My next posts will be bits of fiction. My sister would have enjoyed them, and if you are my other reader I hope you will, too.
Every so often I wake up.
I move through my life doing and being many things, and most of the time hardly notice. Every so often, I notice. I believe this is called lucidity. I’ve heard the word applied usually to a dream experience that seemed real. For me it happens when a feeling of awareness dawns and I know where I am, in a wholeness of reality. Lines of writing dance, I smell the sounds of the world, I hear and taste the colors, and it is beautiful.
But the occasions are rarely beautiful. Why the gift comes at mundane times I cannot fathom. Why should I suddenly grow acutely aware of my weight on the maroon vinyl seat of the chair beneath me? Why must I see every sparkling detail of each little flame shaped light bulb in the fixture over the restaurant table, and see it again, blurred and glowing in a hundred reflections on the silverware, half-filled water glasses, in the shiny, slightly greasy table top, in the eyes of my companions at the table? What is there to know that is so important to notice, in detail, the rancid smell and the colors of the brown, red, orange and green patterns in the old carpet covering the restaurant floor?

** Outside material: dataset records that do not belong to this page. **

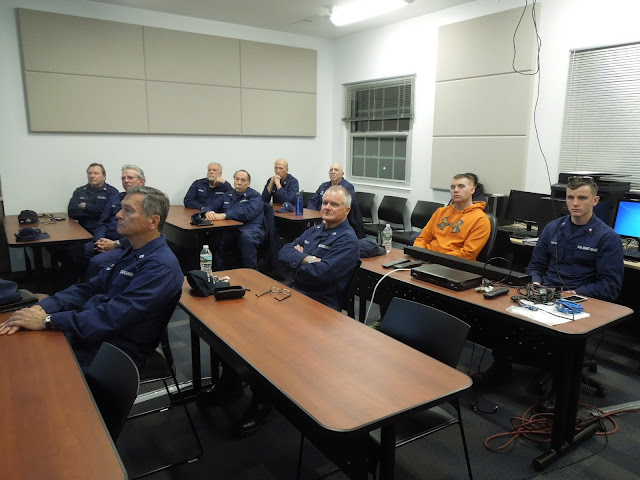 Flotilla members and active duty personnel listen attentively Flotilla members and active duty personnel listen attentively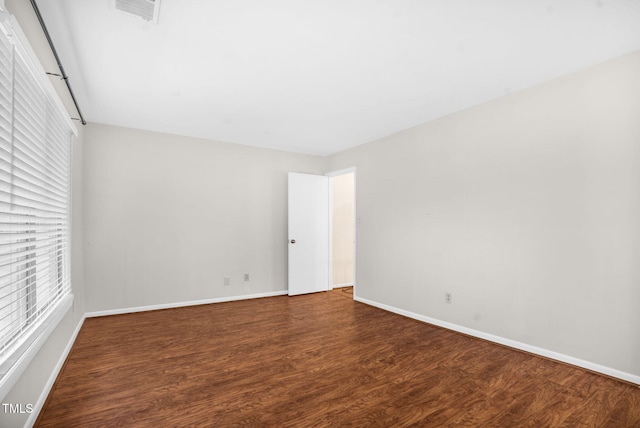 empty room featuring visible vents, baseboards, and wood finished floors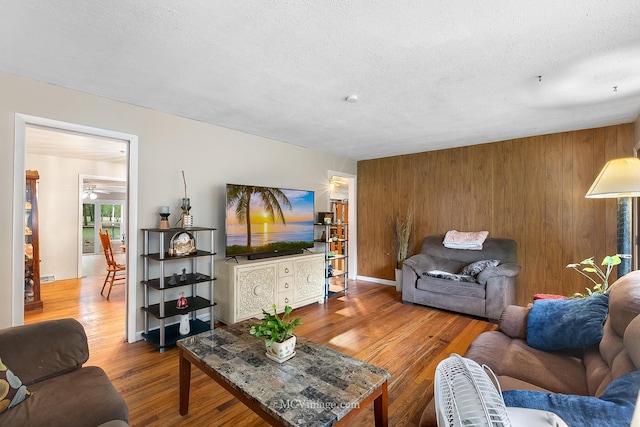 living room featuring hardwood / wood-style floors, a textured ceiling, and wooden walls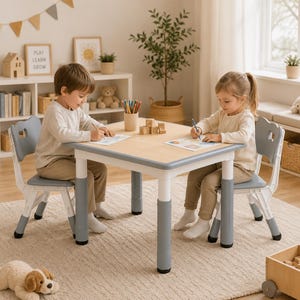 May include: A square activity table with a light wood-grain top and adjustable white and grey legs, accompanied by two matching grey and white chairs. The table features a smooth surface, and the chairs have a cutout design on the backrests.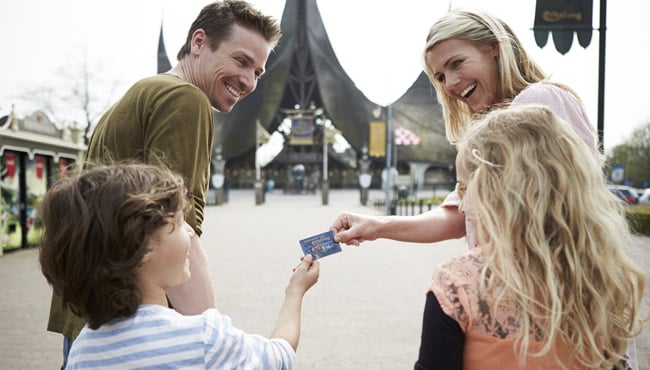 Een gezin met een Efteling Abonnement loopt richting de hoofdentree van de Efteling.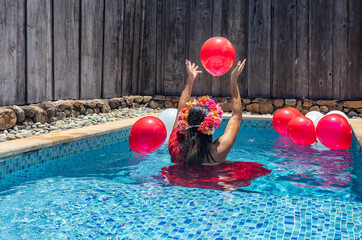 Jolie jeune femme habillée jouant avec des ballons rouge gonflable dans sa piscine de chambre d'hôtel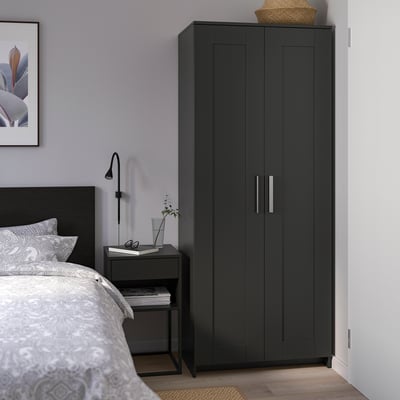 Moderne zwarte BRIMNES kledingkast tussen ikea bed en bijzettafel, stijlvol en praktisch opbergen.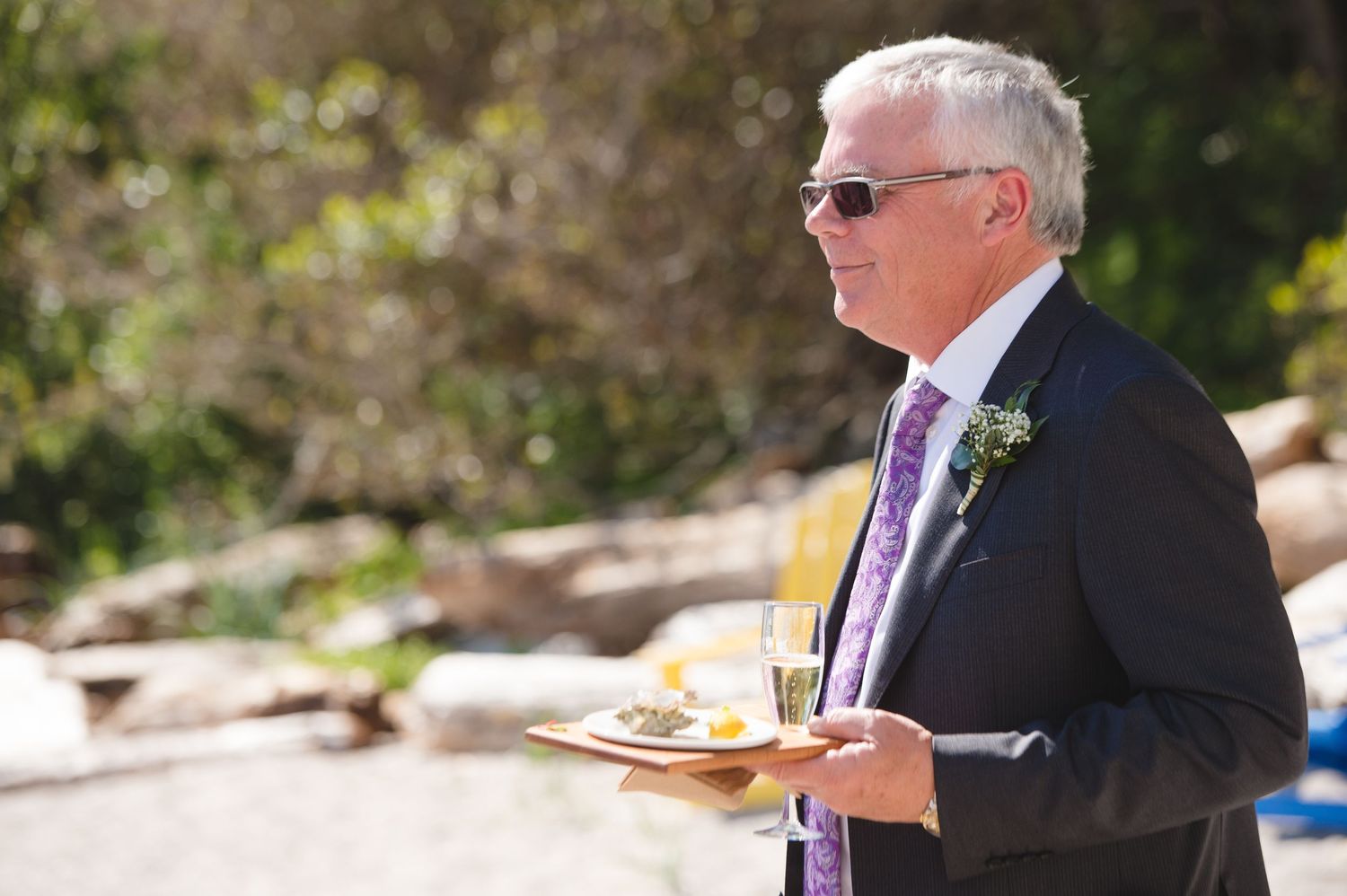 Wedding guests seated in formal attire on a rocky beach with evergreen trees in background.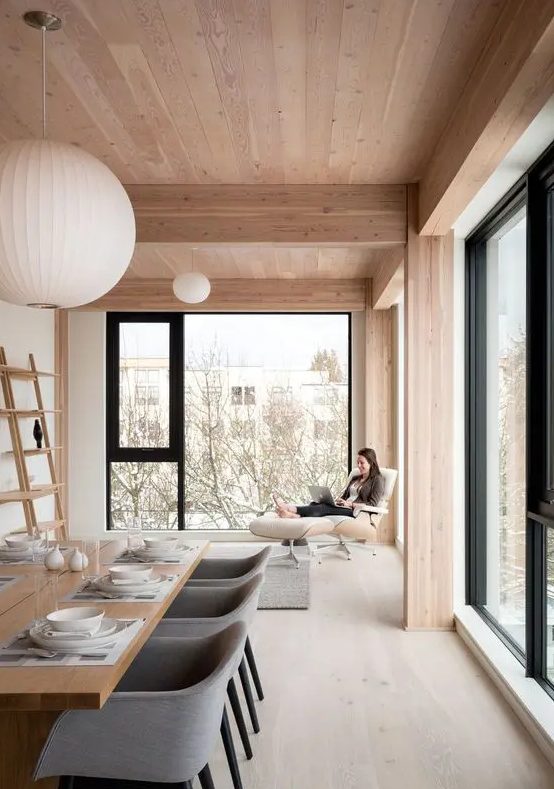 a luxurious minimalist dining room with much natural light, a whitewashed floor and warm and light tones of wood all over the space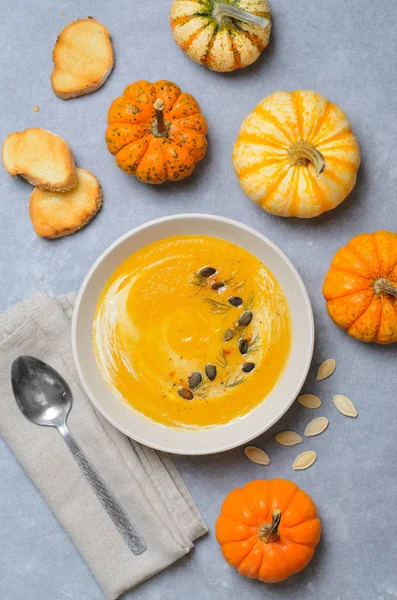 Pumpkin Soup with Cream, Dill and Pumpkin Seeds, Delicious Meal, Top View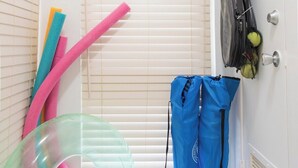 Ein Zimmer mit Tür, einem Fenster mit Jalousien, einem an der Wand befestigten Gepäckträger und einer blauen Tasche.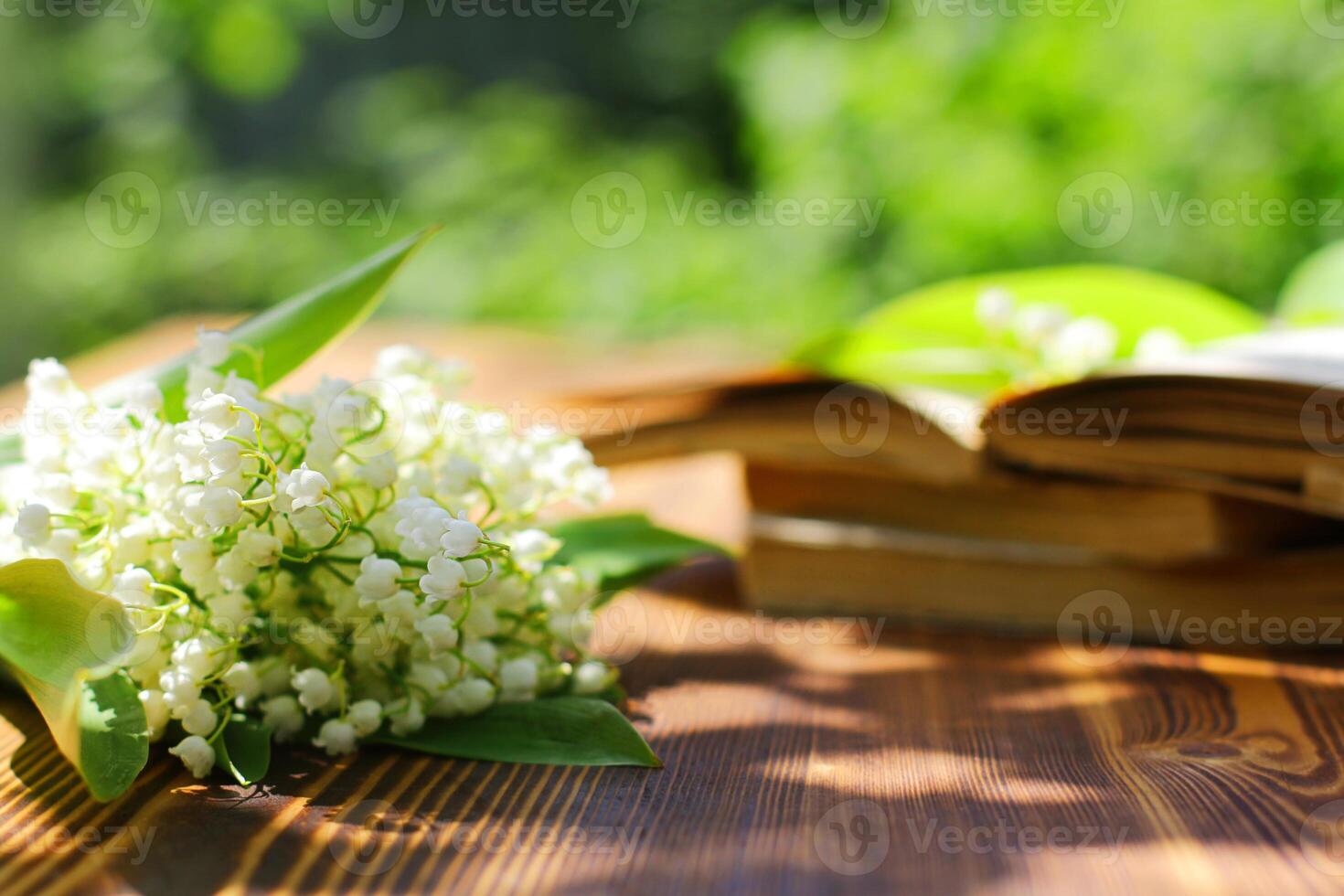 Closeup lily of the valley blossoms in selective focus, natural light. Delicate bouquet of lilies of the valley photo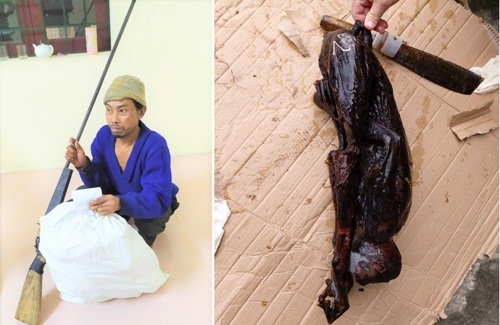 Ông Cao Xuân Việt cùng tang vật vụ việc.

We are the staff of a church, gathered to talk God-shop at a cheap Chinese restaurant. Two tables are pushed together for the seven of us. Our menus, also slightly greasy, are in our hands. We are contemplating column A, B, C.
I lay down my menu, ask my friends to choose my usual for me, push back my chair (how vivid is the sound of the legs sliding over the carpet!), rise, and walk away toward the men’s room, which I know to be around the corner, past the reception desk, and through a narrow hallway.
I push open the door of the restroom with my elbow, wary of germs I cannot see but know to be lurking. As I step into the room I see a cluster of rather small men pressed toward the one urinal. They are wearing green felt coats. The ones in back have hats with wide brims and tall, rounded tops. A taller man stands close to the fixture. He wears a small, neat hat with a jaunty brim.
I wonder why I do not feel surprised to walk in on five of Santa’s elves, and do not question that urinating as a group is not something entirely normal.
I open the door to the stall on the left, and close it behind me. I unzip and as I begin I say, in what I hope is a companionable way, “Isn’t it handy that these stalls are so large?” I feel a silent awareness from my neighbors. I think I hear one of them say “Mine is really quite ugly.” I think, but do not say, in what would have been a pastoral tone, “Oh, nothing that God makes should be considered ugly.” A tremor, a vibration, perhaps a group snicker from over there . . .
I finish, tuck in and zip up, and exit the stall. I look at the elves. The tall one is watching me. His skin is ivory, his hair darkest black, his eyes like deep holes. If his face has an expression, I cannot recognize it.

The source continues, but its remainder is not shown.